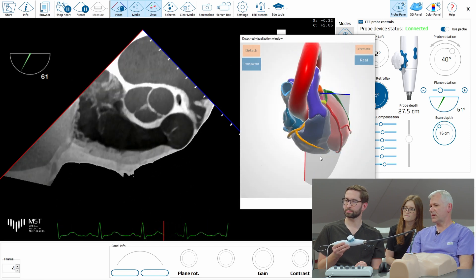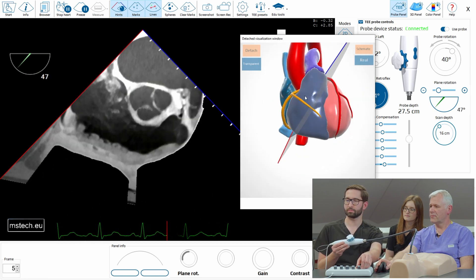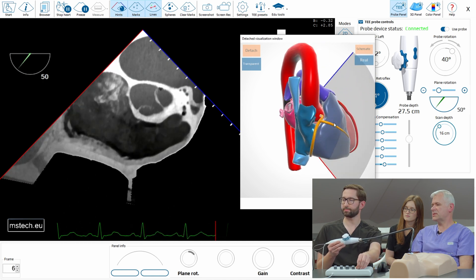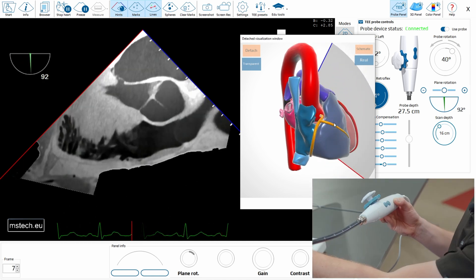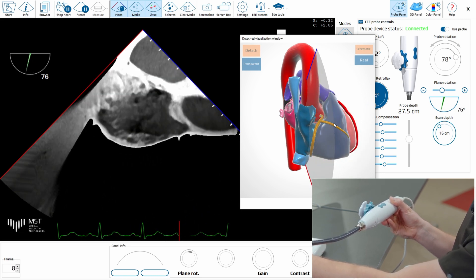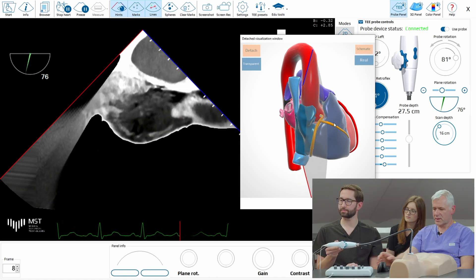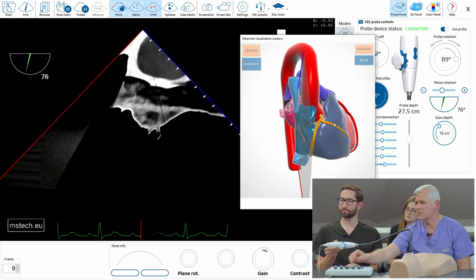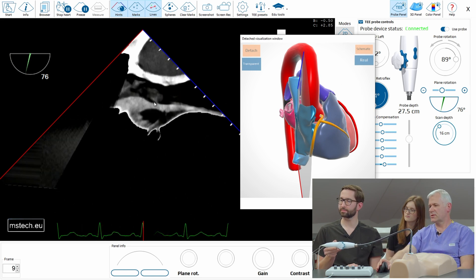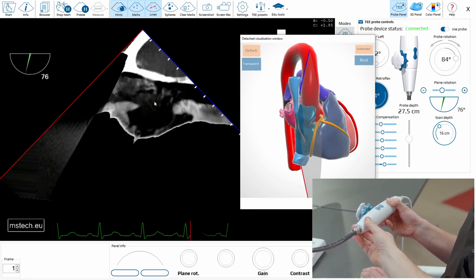The next one would be bicaval. You have to go to 90. And now rotate. Now we see the so-called banana view where we have the vena cava superior and inferior. Of course, if you rotate slightly, you will see more right atrium as well.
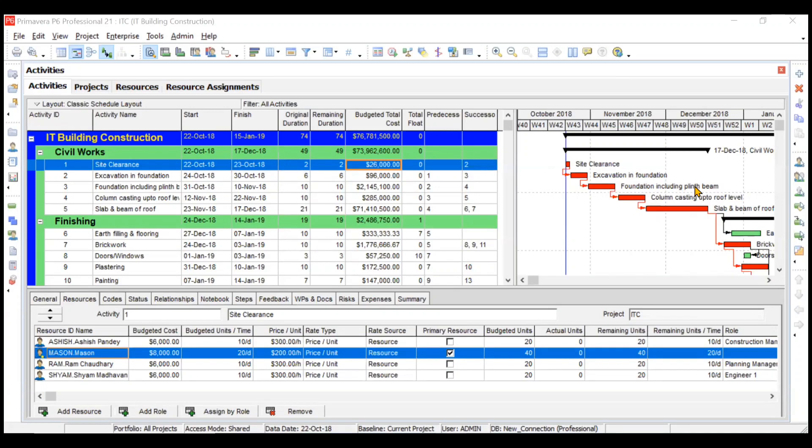Hi everyone. In this particular video, we'll be learning something called activity codes. We'll be creating some activity codes, then assigning those activity codes, and then using the options of filter by, grouping, and sorting to show the usage of activity codes. So without any delay, let's get started.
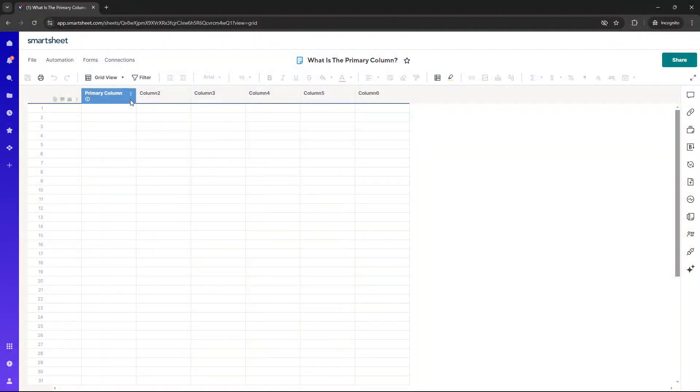Are you wondering what the primary column is in Smartsheet? Well, in this video, I'm going to be breaking down exactly what it is, how to use it most effectively, and also share some best practices since I've been using Smartsheet for over seven years in my organization.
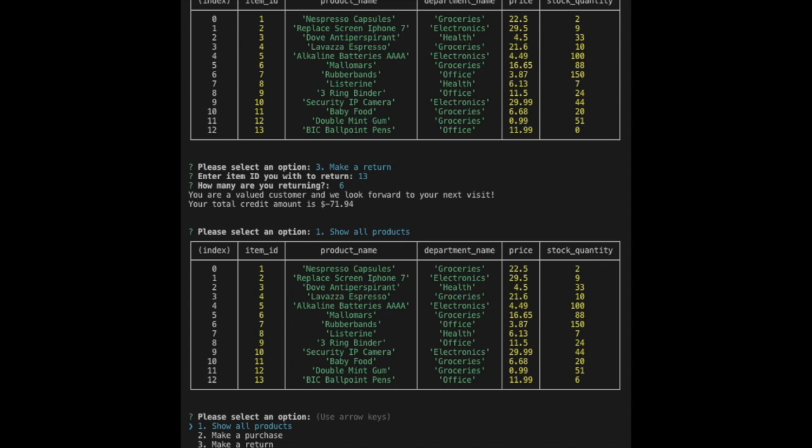Then followed again by the main menu. We select show all products once more to confirm that the purchase has reduced the stock quantity column in the database.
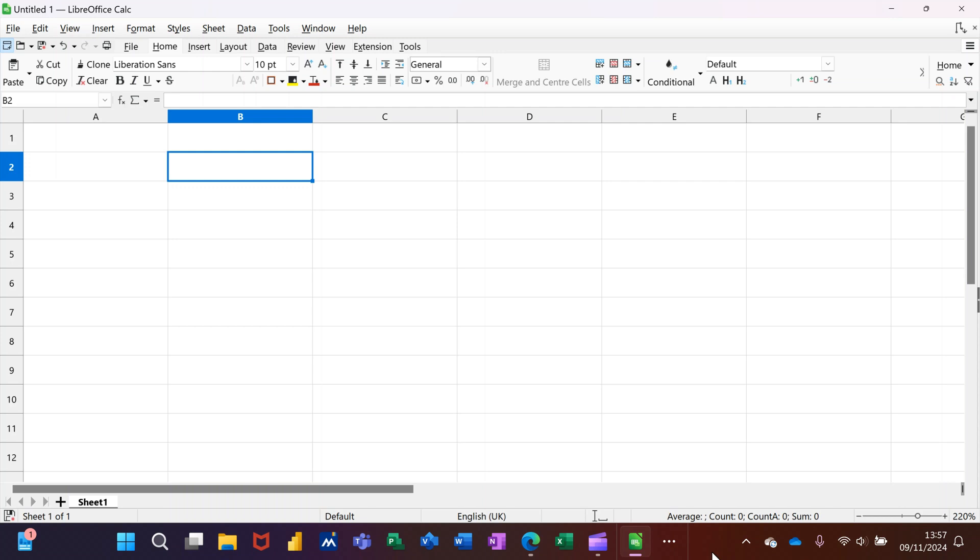Hi guys, welcome to this session in LibreOffice Calc. In this module I want to show you how you can use the tick box and add conditional formatting to it.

* _TASK_
Write out the material exactly, excluding pictures.

* _ANSWER TO THIS TASK_
The next one would be bicaval. You have to go to 90. And now rotate. Now we see the so-called banana view where we have the vena cava superior and inferior. Of course, if you rotate slightly, you will see more right atrium as well.
Hi everyone. In this particular video, we'll be learning something called activity codes. We'll be creating some activity codes, then assigning those activity codes, and then using the options of filter by, grouping, and sorting to show the usage of activity codes. So without any delay, let's get started.
Are you wondering what the primary column is in Smartsheet? Well, in this video, I'm going to be breaking down exactly what it is, how to use it most effectively, and also share some best practices since I've been using Smartsheet for over seven years in my organization.
Then followed again by the main menu. We select show all products once more to confirm that the purchase has reduced the stock quantity column in the database.
Hi guys, welcome to this session in LibreOffice Calc. In this module I want to show you how you can use the tick box and add conditional formatting to it.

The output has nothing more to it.